Developing countries insisted on using documents that have come out of negotiations that have been going on for most of the year.
The new Danish texts were reportedly shown to a few key delegations and rejected out of hand. Delegates waited in the conference hall with no information about when the session would begin.
The issue illustrates the continuing divide between rich and poor blocs here, with developing countries repeatedly accusing the Danes of trying to impose a shape on the summit that will lead to the outcome desired by developed nations.
Towards the end of the evening, a group of about 30 protesters were preparing to spend the night in the centre, apparently with the blessing of security guards.
During the day, police detained more than 240 protesters during the clashes, which led to injuries on both sides.
In the main hall, meanwhile, a succession of presidents and prime ministers made set-piece speeches.
Ethiopian Prime Minister Meles Zenawi, on behalf of the African Union, gave some details of a proposal - drawn up with substantial French involvement - aimed at breaking the impasse here.
"Every one of us knows that Africa has contributed virtually nothing to global warming but has been hit first and hardest," he said.
Mr Zenawi related some elements of his proposal, including that the sum of $50bn per year by 2015 and $100bn per year by 2020 should be raised for poorer countries through "creative financing mechanisms" such as taxes on financial transactions and aviation fuel.
He acknowledged that he knew his proposal "would disappoint those Africans who from the point of view of justice have asked for full compensation for the damage done to our development prospects".
It certainly infuriated the African group of negotiators, because it also endorsed positions that most African countries oppose - notably, a target for maximum temperature rise of 2C (the G8 and EU target), whereas most African governments are committed to 1.5C.
It is not clear whether his proposal has support from other African leaders, however, or from further across the community of poor vulnerable countries such as small island states.
Lord Stern, who has had a strong hand in developing the proposal, said it was "strong and reasonable".
"The rich countries should give their strong support to the Meles plan, which has been put forward by an African leader with the interests of developing countries at its heart."
Worst impacts
Other speeches exemplified the fault lines running through the process.
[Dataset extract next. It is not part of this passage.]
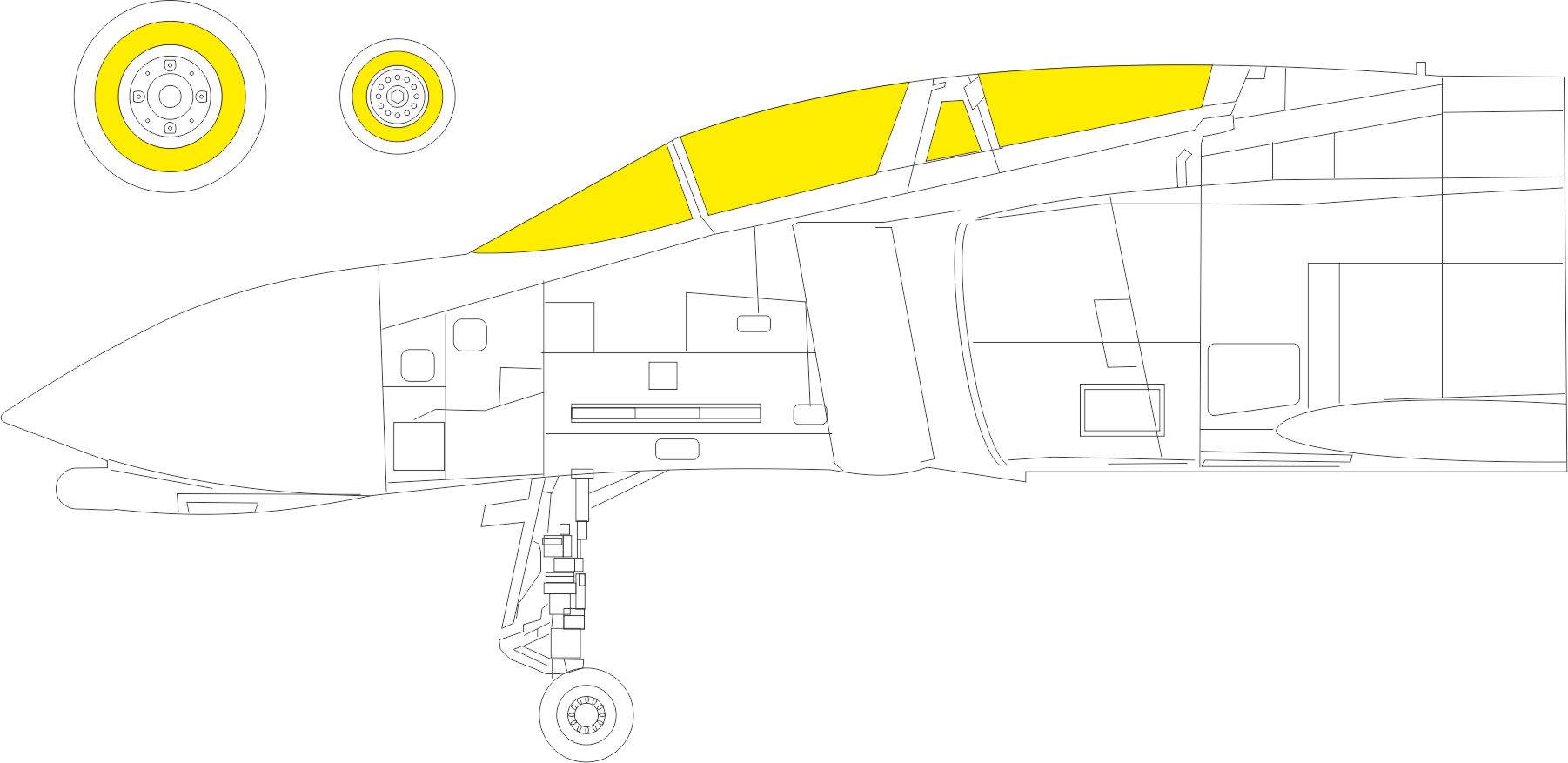 Fotografie 1/72 F-4D (FINE MOLDS)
While EU delegates spoke of achieving the 2C target "if everybody is now ready to overcome the procedural obstacles", developing countries made clear that they viewed the continuing chaos over texts as a matter of principle, not procedure.
And Nauru's president, Marcus Stephen, demanded proper legal negotiations on the lower temperature target.
"The science tells us that we must limit the rise in global temperature to well below 1.5C to preserve the chance of avoiding the worst impacts of climate change.
"To accept anything less would mean the destruction of our marine ecosystems, shortages of food and water, and the relocation of our communities. Please tell me - how is this practical?"
Earlier, UK Prime Minister Gordon Brown conceded that a deal might not be achievable here.
But, he added: "If you don't get an agreement this week, people will doubt whether you can get an agreement at all."